Wir haben jetzt eine Route genehmigt bekommen, die bis zur AOK-Zentrale in der Wilhelmstraße reicht, das ist nur 70 Meter von der SPD-Zentrale entfernt. Los geht’s am Lausitzer Platz. Aus meiner Sicht ist das eine spannende Strecke, auch wenn es nicht nach Mitte geht.

Die Abschlusskundgebung am Willy-Brandt-Haus. Soll die SPD dort stellvertretend für die Krisenpolitik der Regierung herangezogen werden?
Natürlich beziehen wir uns da auf deren Krisenpolitik, aber wir wollen genauso die Haltung Steinmeiers im Ukraine-Konflikt, wo er sich ja auf unsägliche Art und Weise mit der Rechtsregierung verbündet, thematisieren. Und dieses Jahr haben wir natürlich auch noch einen historischen Bezug, 100 Jahre Erster Weltkrieg und die Bewilligung der Kriegskredite. Da wollen wir einige Kontinuitäten der SPD-Politik aufzeigen.

Die SPD soll im Fokus der Demonstration stehen?
Nicht alleine. An die Spitze setzen wir einen internationalistischen Block, da kommen Genossen aus Griechenland, die gemeinsam mit türkischen und kurdischen Kollegen laufen werden - daran wird die internationalistische Ausrichtung und unsere Solidarität mit den Kämpfen dieser Gruppen deutlich. Es geht uns nicht nur um Deutschland.

Was ist denn das Anliegen dieses internationalistischen Blocks?
Ein ganz wichtiges Thema ist die Politik der Troika in Südeuropa, die dort ja zu einer massenhaften Verarmung geführt hat. Da sagen wir: Die Verantwortung dafür trägt aber nicht nur die Troika, sondern auch die Bundesregierung. Das muss im Vordergrund stehen. Aber natürlich wird auch die Mieterbewegung abseits davon auf die Gentrifizierung, die steigenden Mieten und die Verdrängung hier in Berlin aufmerksam machen.

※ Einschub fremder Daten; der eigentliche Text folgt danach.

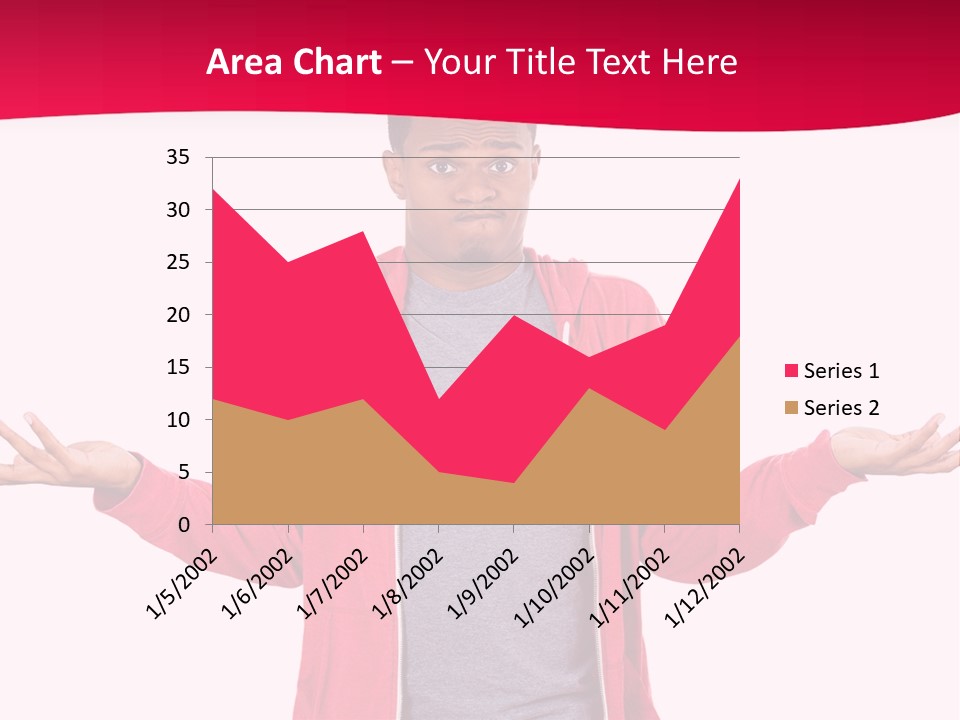 A Man In A Red Jacket Is Holding His Hands Out PowerPoint Template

Und für den Fall, dass die Demo ihr Ziel wieder nicht erreichen sollte gibt es einen Plan B?
Vom letzten Jahr abgesehen wurden die Demos ja immer schon lange vor dem Ziel aufgelöst, 2012 beispielsweise vor dem Jüdischen Museum. Es ist eines unserer zentralen Anliegen, die Demo von Anfang bis Ende durchzuführen. Ein Plan B wird gerade noch ausgearbeitet, aber wir gehen davon aus, dass die Demo auch in diesem Jahr ihr Ziel erreichen wird.

Myfest oder »Krawalle«, der Kreuzberger 1. Mai war immer schon kontrovers. Wo verorten Sie die Demonstration heute?
Als wir letztes Jahr Kreuzberg verlassen haben, sind die, denen es nur um »Krawalle« geht, einfach vor Ort geblieben. Das wollen wir dieses Jahr auch. Wir bieten keine Projektionsfläche für erlebnishungrige Krawalltouristen, wir wollen aber auch kein entpolitisiertes Myfest in SO36. Die Distanzierung ist letztes Jahr aber gut gelungen, deswegen wird die Demo auch diesmal wieder das Kerngebiet Kreuzbergs verlassen. Die, die Myfest oder »Randale« machen wollen, bleiben dann wieder zurück - die sind viel zu faul, mitzulaufen.

Was für eine Beteiligung erhoffen Sie sich in diesem Jahr?
Da gibt es immer so viele Faktoren, allen voran das Wetter, aber auch der Verlauf der Proteste am Tag. Wenn die Sonne scheint und die Leute noch Kraft haben, dann sollten es schon wieder etwas mehr als 15 000 werden.